If authentication is successful, OSecurityExternal.authenticate() then calls
Orient.instance().getSecurity().getSystemUser() with the authenticated username and the name of the local database being opened. (
Orient.instance().getSecurity() returns an instance of the system security module, ODefaultServerSecurity.) If a system user is found,
getSystemUser() returns a derived OUser class instance, called OSystemUser.
When a database is opened, the ODatabaseDocumentTx.open() method calls
final OUser usr = metadata.getSecurity().authenticate(iUserName, iUserPassword);. If the new security system is enabled, the call to
metadata.getSecurity() will return an instance of OSecurityExternal. The
OSecurityExternal.authenticate() method calls
Orient.instance().getSecurity().authenticate(iUserName, iUserPassword). The method,
Orient.instance().getSecurity() returns an instance of ODefaultServerSecurity, and its
authenticate() method is where the chain of installed authenticators is called.
OSystemUserAuthenticator implements a method,
public String authenticate(final String username, final String password), from the OSecurityAuthenticator interface. This method queries the system database for an OUser record that matches the specified username and, if found, validates the provided password. If successful, the username is returned, otherwise null.
As mentioned previously, when
Orient.instance().getSecurity().getSystemUser() is called, if a system user is found, an OSystemUser instance is returned. OSystemUser extends OUser and implements a new constructor,
public OSystemUser(final ODocument iSource, final String dbName), as well as a newly overrided method,
protected ORole createRole(final ODocument roleDoc).

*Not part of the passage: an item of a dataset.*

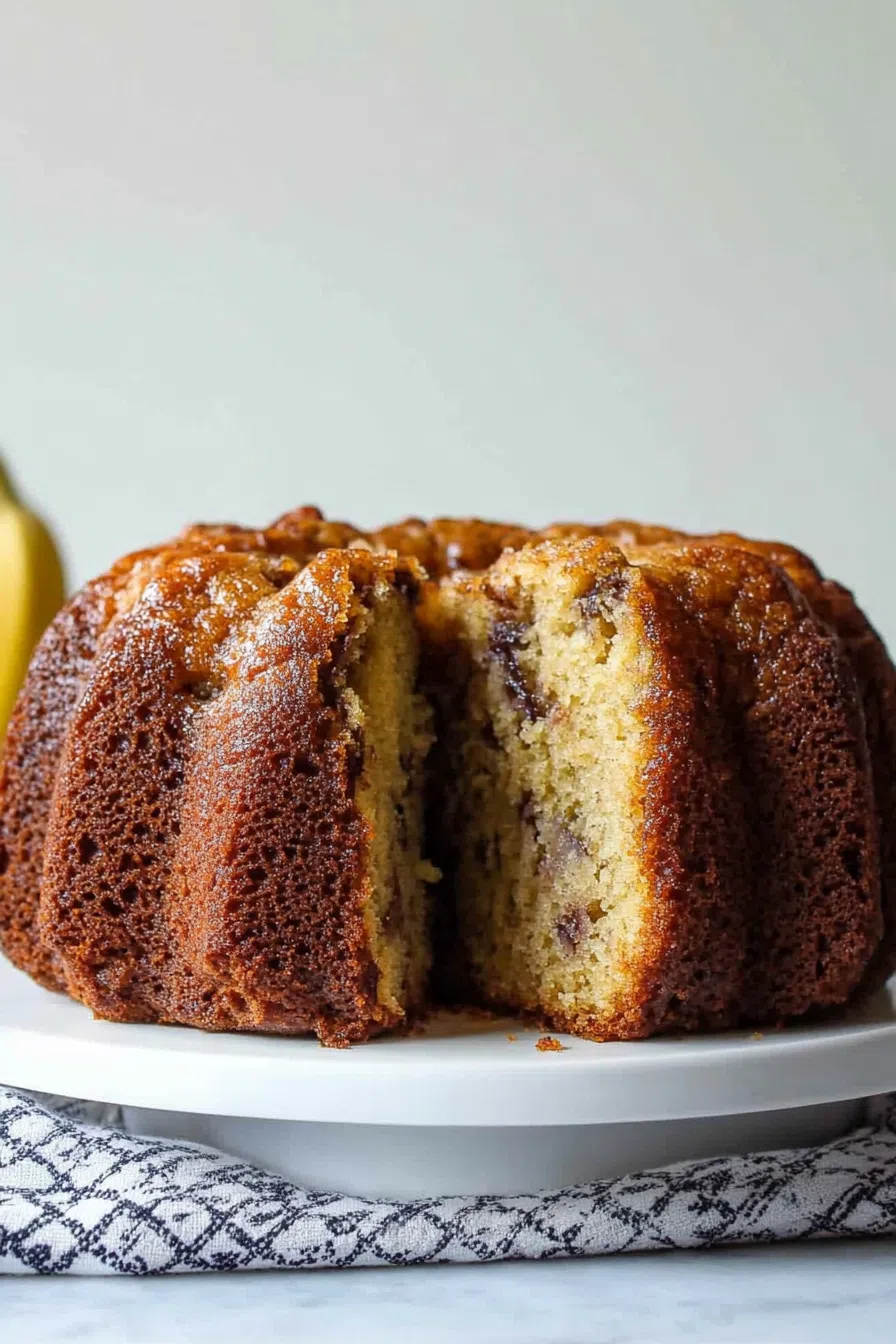 Golden-brown bundt cake with a moist, dense texture sliced and ready to serve.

The "database name" (dbName) parameter in OSystemUser's constructor is used to filter which roles in the system database are associated with a user. A list property, called dbFilter, can be set on an ORole record to assigned the database name. If dbName is null, then only roles without a dbFilter property are associated with the OSystemUser.
In conjunction with OSystemUser is a new class, called OSystemRole, which derives from ORole and adds a new public method,
List<String> getDbFilter(). The OSystemUser
createRole() method creates and returns OSystemRole instances.